No one has yet mentioned the Action Point system as seen in the OG Fallout games. I don't know of any tabletop games that use it, but it's possible that you could, if you really wanted to.

For those who don't know: each time your initiative comes up, you get a number of Action Points equal to 5 + Agility / 2. (Agility ranges from 1-10 and can rarely if ever be enhanced. It is the god stat.) You may expend Action Points on movement (1 AP per hex moved), opening your inventory to swap out your two active item slots (4 AP, 2 with a Perk), using items (generally 2 AP, such as a healing Stimpak), or attacking. You cannot take actions when it is not your initiative.
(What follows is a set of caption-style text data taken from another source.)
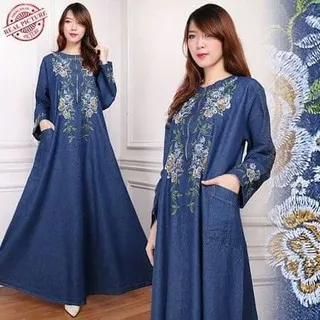 Haihai Gamis Dewasa Premium Gm 59 Set Syari Terbaru Original  CN681 Dress Maxi Narda Longdress Jeans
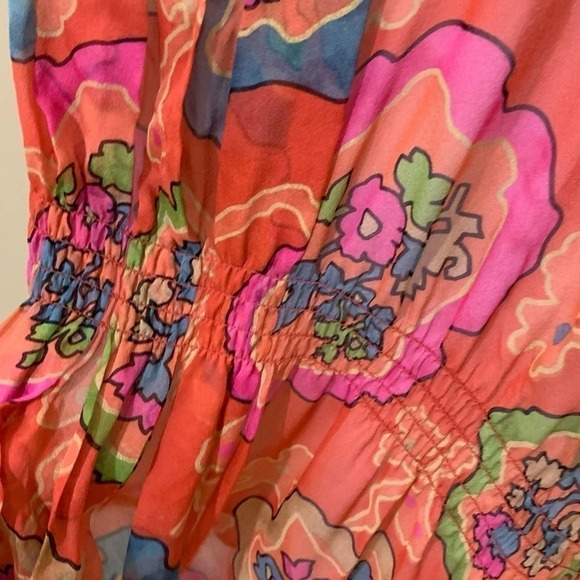 𝅺DIANE Von Furstenberg DVF silk garden girl floralsheer elastic drop waist dress - Picture 7 of 9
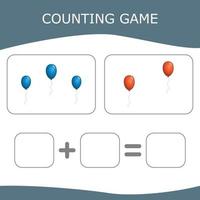 How many counting game with ballons. Worksheet for preschool kids, kids activity sheet, printable worksheet vector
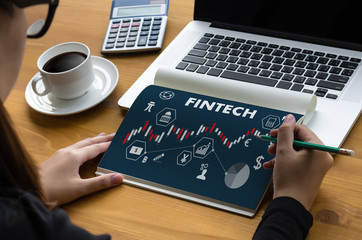Poster - FINTECH Investment Financial Internet Technology Money Business Currencies icon Stock graph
If you wish to end your turn and you have AP remaining, these AP are added to your Armor Class at 1:1 until the beginning of your next turn.

Attacks vary in AP cost; unarmed punches and attacks with melee weapons cost 3AP, kicks and shooting a gun cost 4 AP. Some guns allow you to fire in Burst mode, which increases the AP cost. Most attacks allow you to make a Called Shot, which adds +1 to the AP cost in exchange for allowing you to target a specific body part for added damage and benefit (e.g. a called shot to the eyes has low accuracy but blinds the target on success). There are Perks that reduce the AP costs for unarmed attacks and gun attacks.

What I like about this system in comparison to the D&D style "standard, move, minor" paradigm is that it doesn't require you to burn a whole 'move' action if you only need to adjust your position by 2 hexes. This is good for the melee guy who gets knocked back just outside 5' step range and still wants to do his full attack routine, or anyone else who regrets having to burn an entire Move action if they don't need to use the full allotted distance.

I dislike details of the way Fallout implemented this concept, particularly the way their implementation makes Agility the uberstat. Even if those were fixed, though, the system would be intrinsically very fiddly since you're tracking as many as 10 individual points per character per pass.

Also on the downside, this makes it difficult to simulate a monster that can't move very far but is a whirling tornado of blades. Since every attack action uses the same resource as movement, you would have to resort to something like giving the monster in question a large number of AP and a custom movement rate (1 hex per 2-3 AP rather than 1) or a small number of AP and a custom attack action (1 attack per 1 AP rather than 3-4). Either way you add a layer of complexity by giving specific actors custom action costs.